Tokenize Korean sentences on Hive.
tokenize_ko(String line [,
const array<string> userDict,
const string mode = "discard",
const array<string> stopTags,
boolean outputUnknownUnigrams
]) - returns tokenized strings in array<string>
Implementation is based on Lucene Korean analyzer.
mvn clean install
add jar hive-udf-tokenize_ko-0.0.1.jar;
create temporary function tokenize_ko as 'me.takuti.hive.nlp.tokenizer.TokenizeKoUDF';
select tokenize_ko("소설 무궁화꽃이 피었습니다.");
-- ["소설","무궁","화","꽃","피"]
select tokenize_ko("소설 무궁화꽃이 피었습니다.", null, "mixed");
-- ["소설","무궁화","무궁","화","꽃","피"]
select tokenize_ko("소설 무궁화꽃이 피었습니다.", null, "discard", array("E", "VV"));
-- ["소설","무궁","화","꽃","이"]
select tokenize_ko("Hello, world.", null, "none", array(), true);
-- ["h","e","l","l","o","w","o","r","l","d"]

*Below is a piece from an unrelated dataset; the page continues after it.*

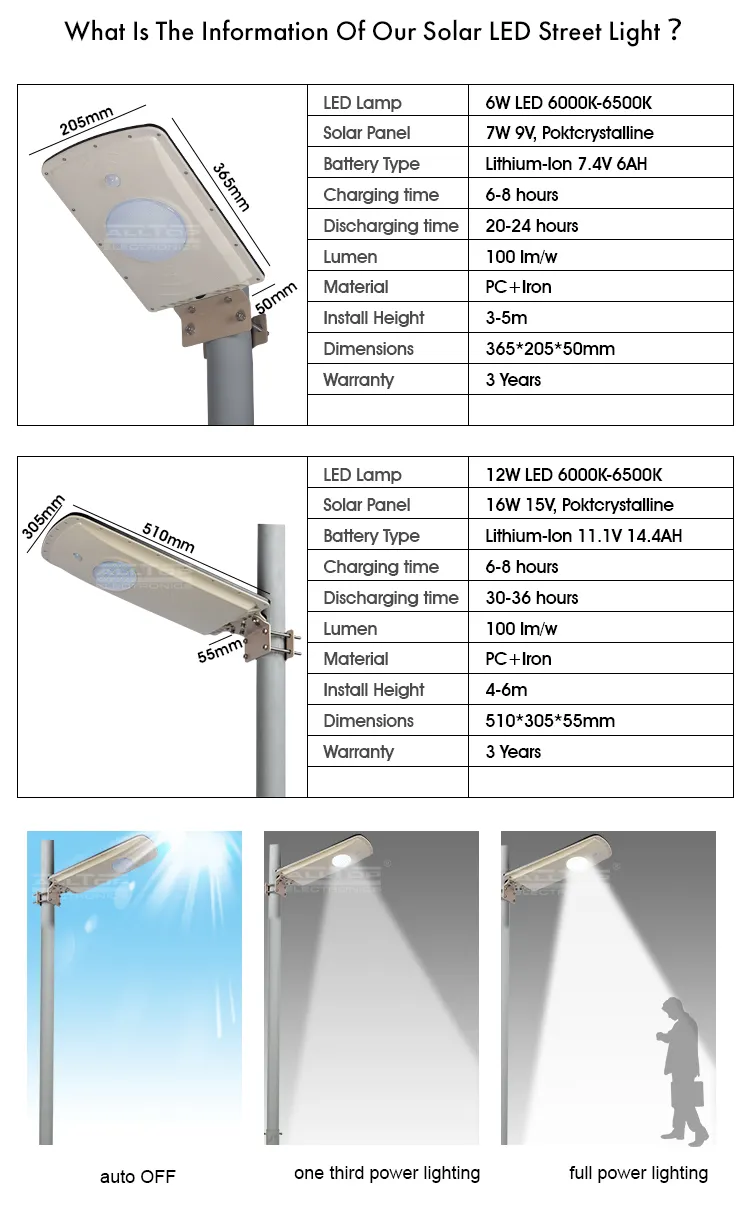 ALLTOP waterproof solar power street light price functional supplier 5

select tokenize_ko("Hello, world.", null, "none", array(), false);
-- ["hello","world"]
select tokenize_ko("나는 C++ 언어를 프로그래밍 언어로 사랑한다.", null, "discard", array());
-- ["나","는","c","언어","를","프로그래밍","언어","로","사랑","하","ᆫ다"]

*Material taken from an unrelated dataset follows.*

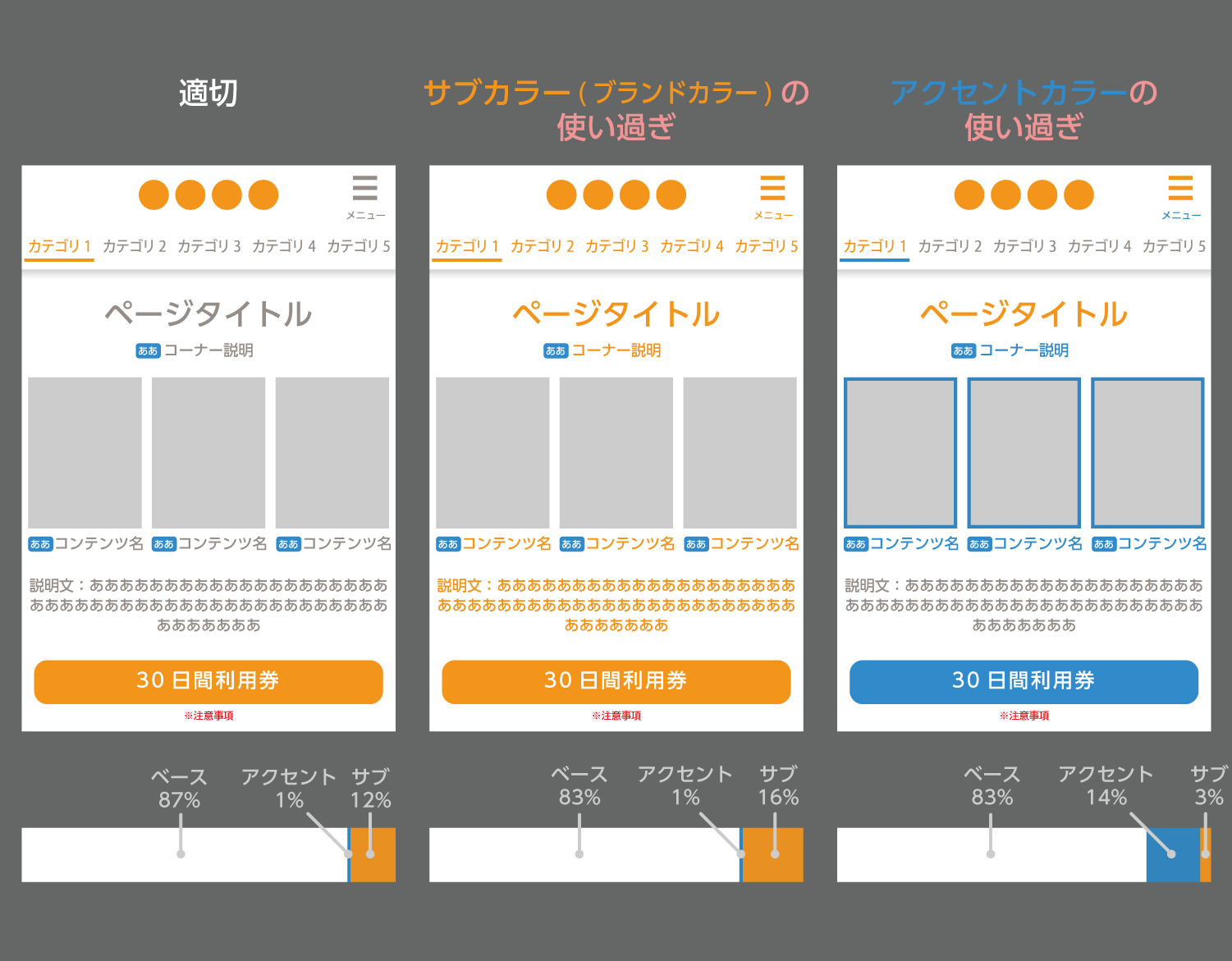 Webページのカラーレイアウトの効果_分布面積(配色比率)のサンプル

select tokenize_ko("나는 C++ 언어를 프로그래밍 언어로 사랑한다.", array("C++"), "discard", array());
-- ["나","는","c++","언어","를","프로그래밍","언어","로","사랑","하","ᆫ다"]
Note that other languages, English, Japanese and Chinese, are similarly supported by Apache Hivemall.